This case arises out of a commercial dispute between Plaintiff Quality International Packaging Limited ("Quality International") and non-moving defendants Chamilia Inc. and Chamilia, LLC (collectively, "Chamilia"). According to the Amended Complaint, Plaintiff is an international company that designs, manufactures, and sells display and packaging materials to jewelry wholesalers and retailers. (Am. Compl. ¶ 1, ECF No. 68). Plaintiff alleges that Chamilia is an international purveyor of jewelry and jewelry-related items. (Id.) During the relevant time period, Plaintiff manufactured display and packaging products for Chamilia's jewelry pursuant to Chamilia's purchase orders. (Id.) Defendants allege that towards the end of 2011, Chamilia's retail customers began to complain about certain defects in the display cases supplied by Plaintiff. (Counterclaim ¶ 8, ECF No. 9). A business dispute arose between Plaintiff Quality International and Defendant Chamilia over the quality of these goods and Chamilia's contractual duty to accept and pay for them. (Id. ¶¶ 9-12). Plaintiff alleges that Chamilia ordered certain goods through purchase orders, accepted them, but refused to remit payment in exchange. (Am. Compl. ¶¶ 13-45). The Swarovski Defendants contend those goods were defective and therefore Plaintiff is not entitled to payment. (Defs.' Br. in Supp. at 2-3, ECF No. 71-1).

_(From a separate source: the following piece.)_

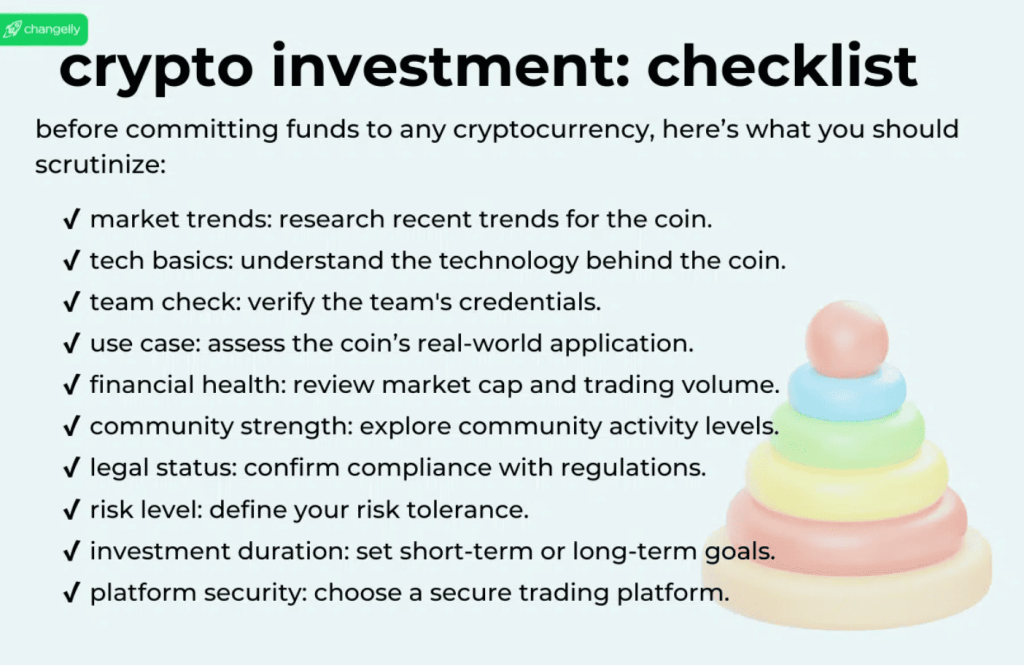 Jak vybrat krypto projekt pro investici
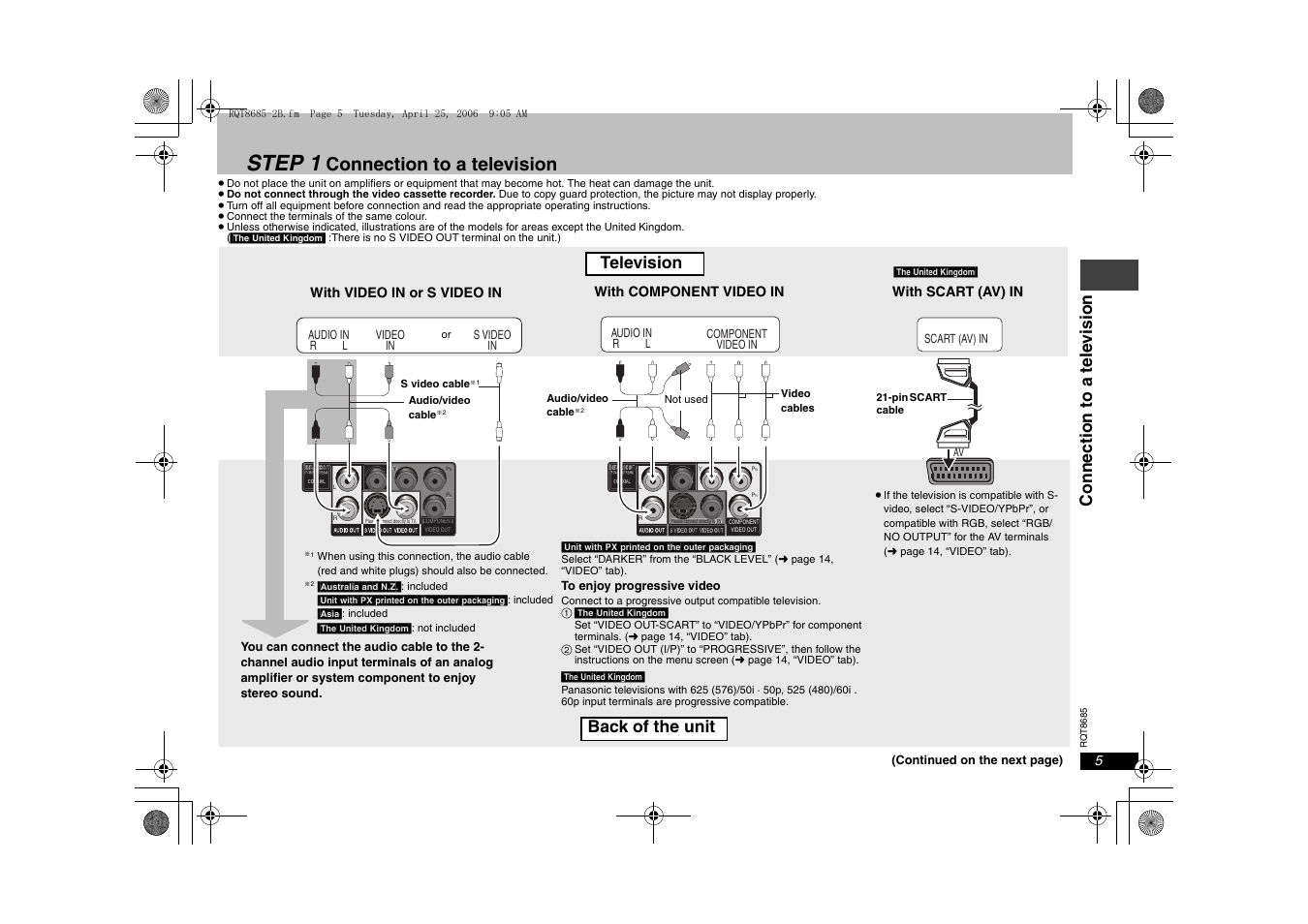 Step 1, Connection to a television, Television back of the unit | Connec tion to a tele visio n | Panasonic DVD-K32 User Manual | Page 5 / 20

The parties agree that the Swarovski Defendants acquired Chamilia in 2013. The present motion, which seeks to dismiss all of the Swarovski Defendants but not Defendant Chamilia, turns on the legal effect of that acquisition. Swarovski International is the parent company of Swarovski US. (See Brown Decl. ¶ 4). Swarovski US purchased the shares of Chamilia from individual shareholders using funds provided by Swarovski International. (Am. Compl. ¶ 35; Defs.' Br. in Supp. at 9-10). Plaintiff claims that the Swarovski Defendants are liable for Chamilia's debt because they acquired Chamilia along with "all of its assets, liabilities, debts, and obligations" prior to the issuance of the allegedly unpaid invoices (Am. Compl. ¶¶ 1, 34, 36). The Amended Complaint also alleges that the Swarovski Defendants are liable under a "successor liability" theory for debts occurring prior to the acquisition. (Am. Compl. ¶ 41). Under this reasoning, Plaintiff alleges that the Swarovski Defendants are liable for the invoices that predate and postdate its acquisition of Chamilia.

B. Procedural History

Plaintiff filed the original Complaint in this matter on August 30, 2013. (Compl., ECF No. 1). On October 28, 2013, Swarovski US and Swarovski International moved to dismiss the original Complaint under Fed. R. Civ. P. 8(a) and 12(b)(6). (ECF No. 10). Swarovski International also moved to dismiss the original Complaint for lack of personal jurisdiction. (Id.) On May 30, 2014, this Court granted the motion to dismiss in-part pursuant to Rule 12(b)(2) for lack of personal jurisdiction over Defendant Swarovski International. (ECF Nos. 37, 38). The Court's Order provided Plaintiff ninety (90) days to take discovery limited to the issue of personal jurisdiction over Swarovski International. (Id.) In light of the aforementioned discovery period, the Court administratively terminated the motion to dismiss for failure to state a claim. (Id.) Subsequently, Plaintiff served jurisdictional discovery and the Swarovski Defendants responded. On December 2, 2014, Plaintiff filed the Amended Complaint, joining Daniel Swarovski as a defendant and pleading some additional factual allegations, including the undisputed allegation that Swarovski International provided Swarovski US with the funds required to purchase the outstanding shares of Chamilia. (See generally Am. Compl.). Chamilia filed its Answer, Affirmative Defenses, and Counterclaim in response to the Amended Complaint on December 23, 2014. (ECF No. 70. On the same day, the Swarovski Defendants filed the present motion to dismiss for lack of personal jurisdiction and failure to state a claim. (Defs.' Motion to Dismiss, ECF No. 71).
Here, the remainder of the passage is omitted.